CUDA, But Make It AMD

Compute Unified Device Architecture, or CUDA, is a software platform for doing big parallel calculation tasks on NVIDIA GPUs. It’s been a big part of the push to use GPUs for general purpose computing, and in some ways, competitor AMD has thusly been left out in the cold. However, with more demand for GPU computation than ever, there’s been a breakthrough. SCALE from [Spectral Compute] will let you compile CUDA applications for AMD GPUs.

SCALE allows CUDA programs to run as-is on AMD GPUs, without modification. The SCALE compiler is also intended as a drop-in swap for nvcc, right down to the command line options. For maximum ease of use, it acts like you’ve installed the NVIDIA Cuda Toolkit, so you can build with cmake just like you would for a normal NVIDIA setup. Currently, Navi 21 and Navi 31 (RDNA 2.0 and RDNA 3.0) targets are supported, while a number of other GPUs are undergoing testing and development.

The basic aim is to allow developers to use AMD hardware without having to maintain an entirely separate codebase.

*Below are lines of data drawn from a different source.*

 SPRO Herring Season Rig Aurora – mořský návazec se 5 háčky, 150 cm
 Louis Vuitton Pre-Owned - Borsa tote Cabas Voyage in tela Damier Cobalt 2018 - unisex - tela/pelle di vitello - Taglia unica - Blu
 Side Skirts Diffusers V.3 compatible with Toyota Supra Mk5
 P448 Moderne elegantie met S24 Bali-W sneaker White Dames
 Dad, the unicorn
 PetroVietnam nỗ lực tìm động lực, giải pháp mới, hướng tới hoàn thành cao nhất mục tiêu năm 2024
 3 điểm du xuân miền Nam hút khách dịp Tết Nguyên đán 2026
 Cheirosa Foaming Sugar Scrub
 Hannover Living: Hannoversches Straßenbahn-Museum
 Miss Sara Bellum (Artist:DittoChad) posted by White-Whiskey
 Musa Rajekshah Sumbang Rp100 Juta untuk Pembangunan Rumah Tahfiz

It’s still a work in progress, but it’s a promising tool that could help break NVIDIA’s stranglehold on parts of the GPGPU market.

 

40 thoughts on “CUDA, But Make It AMD

    1. OpenCL exists and works. It has historically been slower than CUDA, but newest benchmarks put them very close to each other performance-wise. Library availability is another matter, where CUDA has some advantage.

      1. Maybe. Though I was using it recently to experiment with image segmentation to apply background blur to a webcam feed. In that case, I would rather have something that supported a larger user population and didn’t use up all available CPU resources. Faster than CPU would be fast enough in this application.

      2. “probably trying to make money in one way or another”

        Or save money, if CUDA means less cloud GPU time to pay for. Especially if you’re doing research in an academic context. Gotta stretch those grant dollars.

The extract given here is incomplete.